In last week's Parsha (מסעי) we have the dinim of עיר מקלט.
The Gemara in מכות learns out from a Pasuk (in מסעי) that the רוצח בשוגג cannot leave the עיר מקלט even to save the Jewish people. Why not? Some say because he would be putting himself in danger fron the גואל הדם.
Some of the Acharonim (Tiferes Yisroel, Meshech Chochma and others) ask a very simple question on this. Why can't we take away the danger? In other words make sure that the רוצח is not endangered by the גואל הדם. They even offer some concrete suggestions:
1. Make a הוראת שעה that the גואל הדם is not allowed to kill the רוצח and if he (גואל הדם) does he will be killed
2. Lock up the גואל הדם so he can't kill the רוצח
If we do one or both of the above there would then be no danger for the רוצח and he should be able to leave.
The Ohr Sameach (Hilchos רוצח perek 7) deals with suggestion 1 as follows. The Torah specifically allows the גואל הדם to kill the רוצח because כי יחם לבבו. The Torah understands the person and therefore allows him to do this. Therefore we cannot, even as a הוראת שעה, prohibit him from killing the רוצח and/or punish him for doing so as the Torah explicitly permitted it.
The Meshech Chochma (in Masei) has a fascinating solution for the second
suggestion. He suggests that it is not the danger to the רוצח that
we are worried about but rather the danger to the Kohen Gadol. He says
that if we let the רוצח out to save the Jewish people, he may try to
kill the Kohen Gadol in some devious way to free himself from Galus, and
therefore we don't let him leave, because of the danger to the Kohen Gadol.
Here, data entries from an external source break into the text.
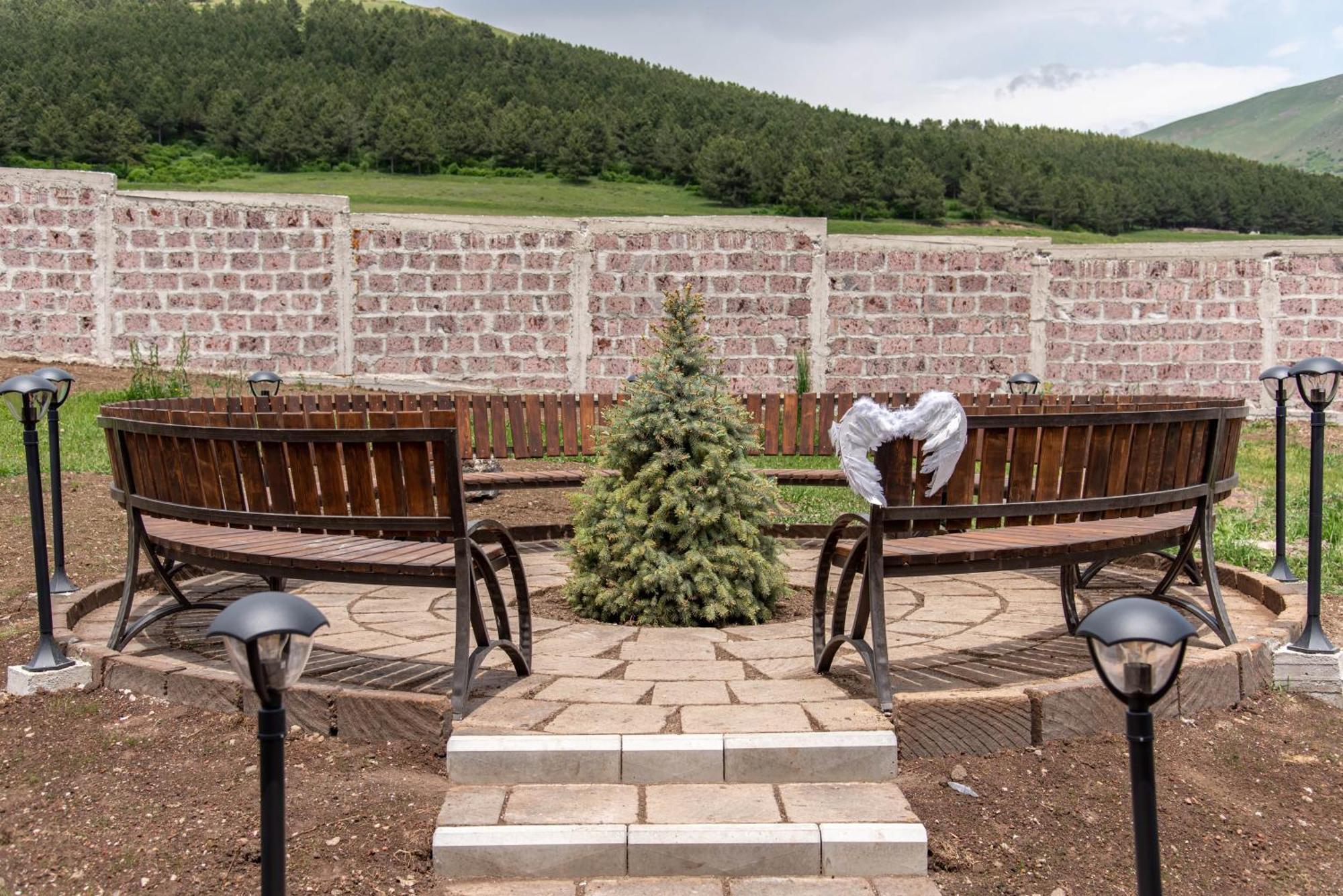 Guest House With Mountain View In Aparan Exteriör bild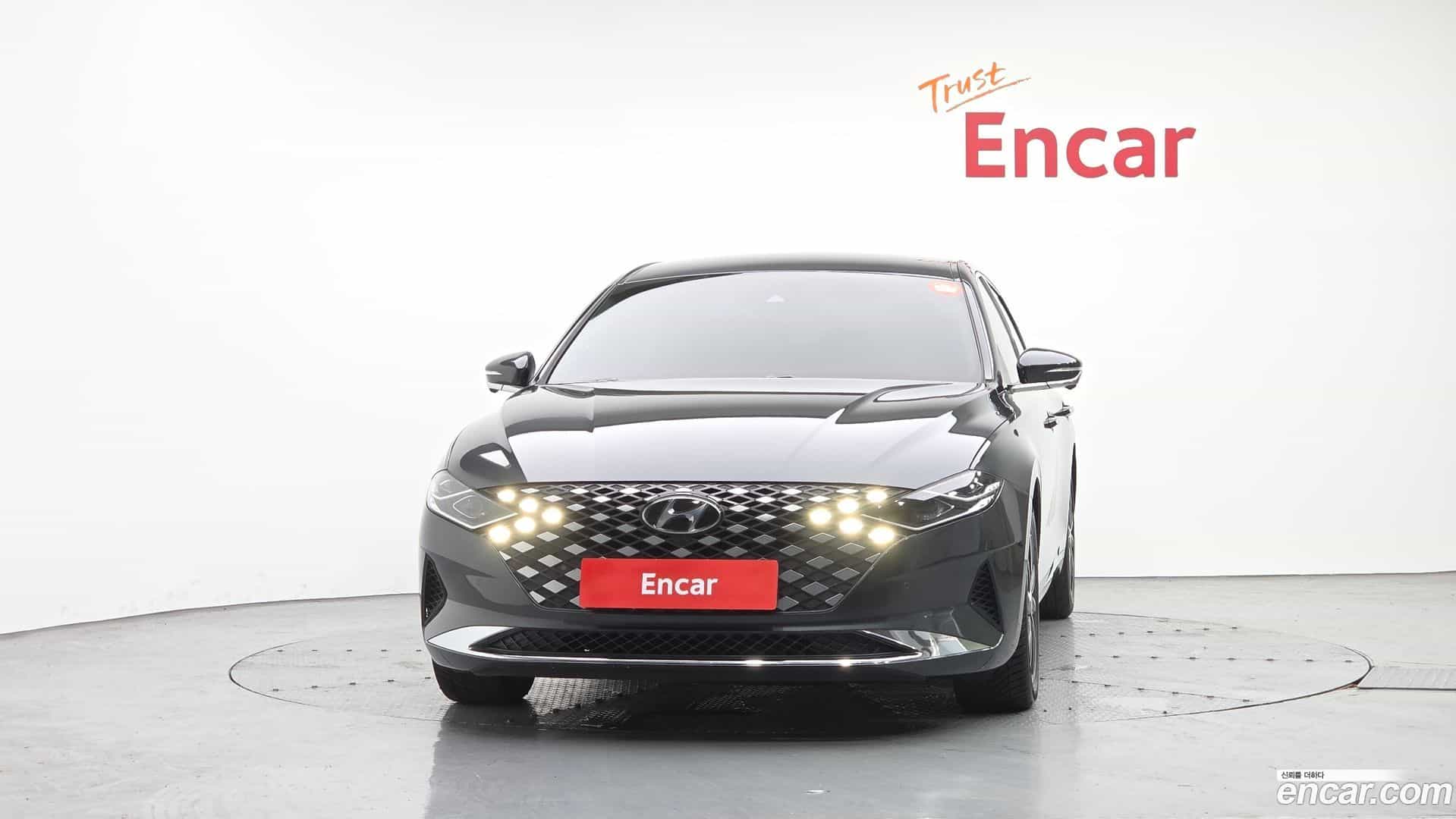 Grandeur Hyundai 2021.11-OUTER-003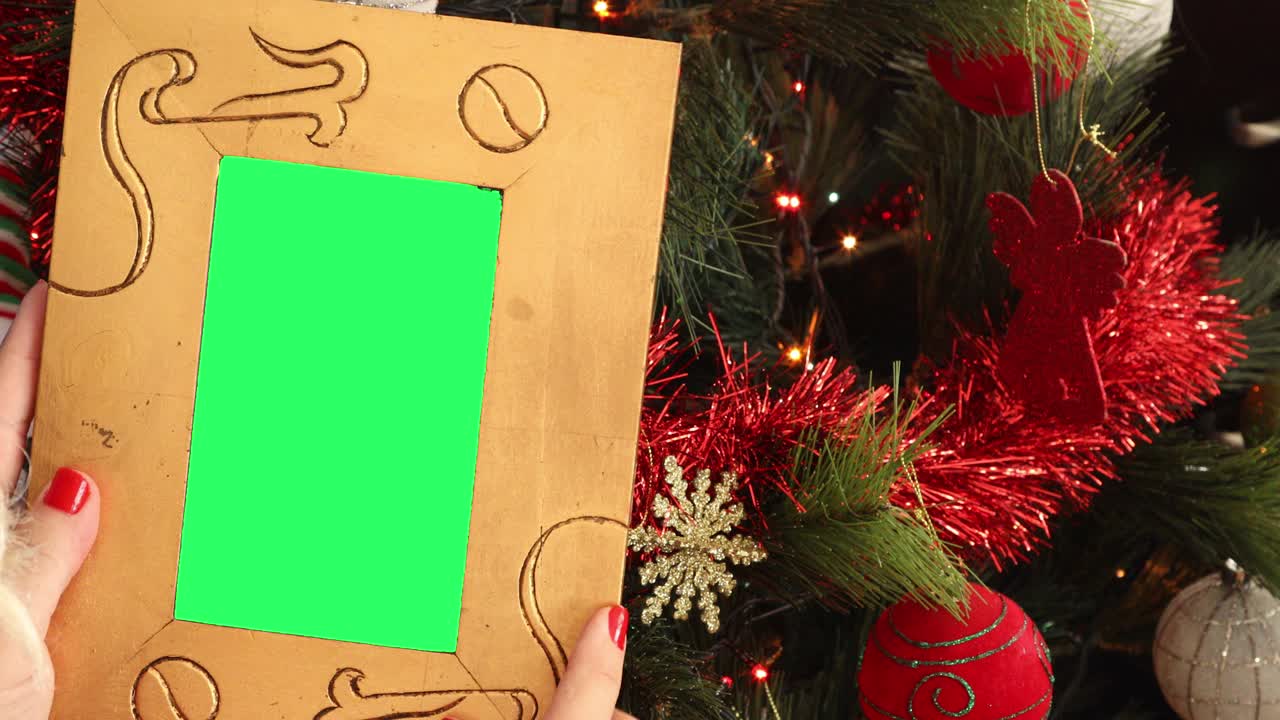 marco de fotos vacío frente al árbol de navidad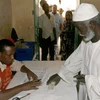 Cử tri Sudan bỏ phiếu tại một địa điểm bầu cử ở Khartoum. (Ảnh: AFP/TTXVN)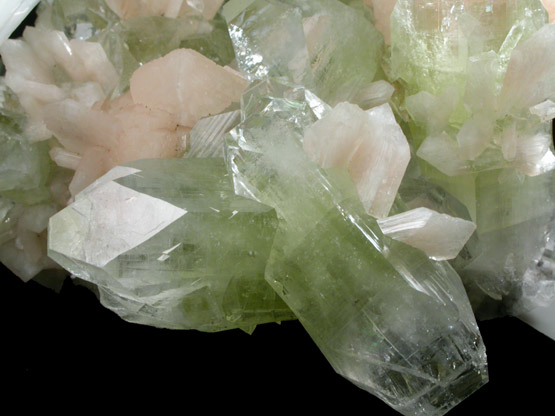 Apophyllite and Stilbite-Ca from Jalgaon, Maharashtra, India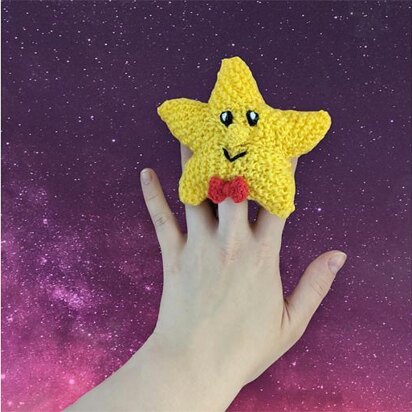 Twinkle Little Star Finger Puppet - knitting pattern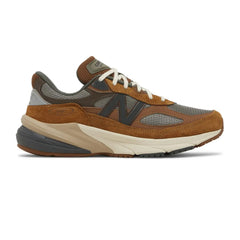 990v6 'Carhartt WIP Sculpture Center' (2023)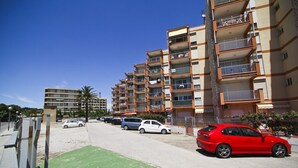 Exterior - DMS Apartment (La Pineda)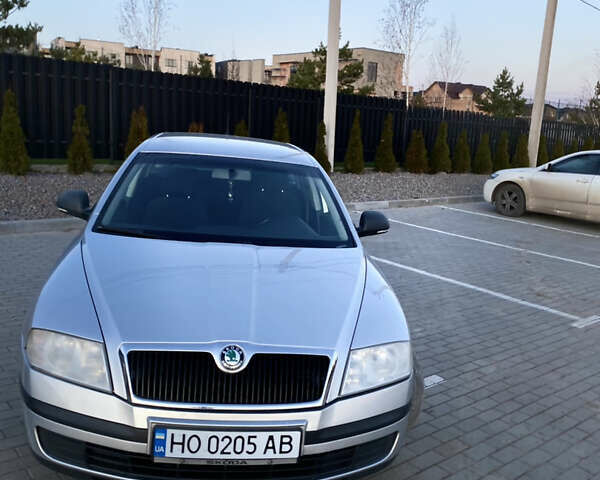 Сірий Шкода Октавія, об'ємом двигуна 1.6 л та пробігом 274 тис. км за 6800 $, фото 22 на Automoto.ua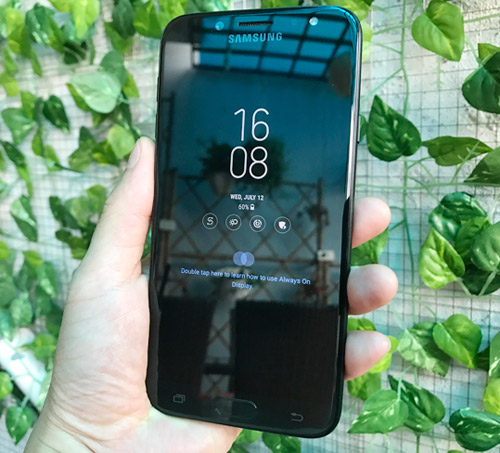 Bộ tứ smartphone cho người thích “sống ảo”, giá tầm trung - 1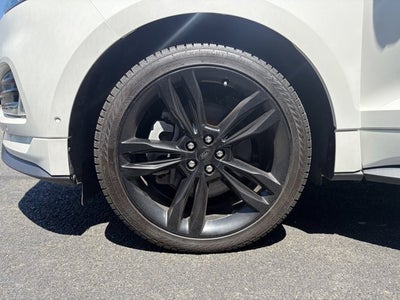 2024 Ford Edge ST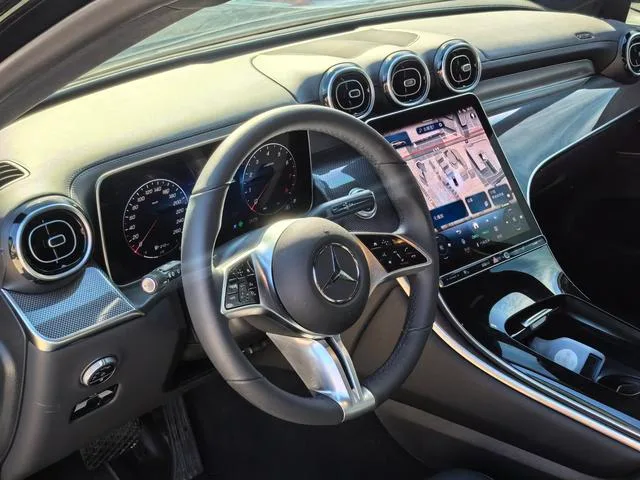 Mercedes-Benz GLC 2025 GLC 260 L 4MATIC Dynamic 5 seat interior photo 14 Mercedes-Benz GLC 2025 GLC 260 L 4MATIC Dynamic 5 seat interior photo 14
The Baalei Musar answer the questions as follows. We need to realize that the fate of the Jewish People does not rest on the shoulders of 1 person. As Mordechai said to Esther, רוח והצלה יעמוד ליהודים ממקום אחר, the Jewish People will be saved by someone. Therefore, we don't let the רוצח out of the עיר מקלט to emphasize this point, we should not put our trust in any one person but rather in Hashem.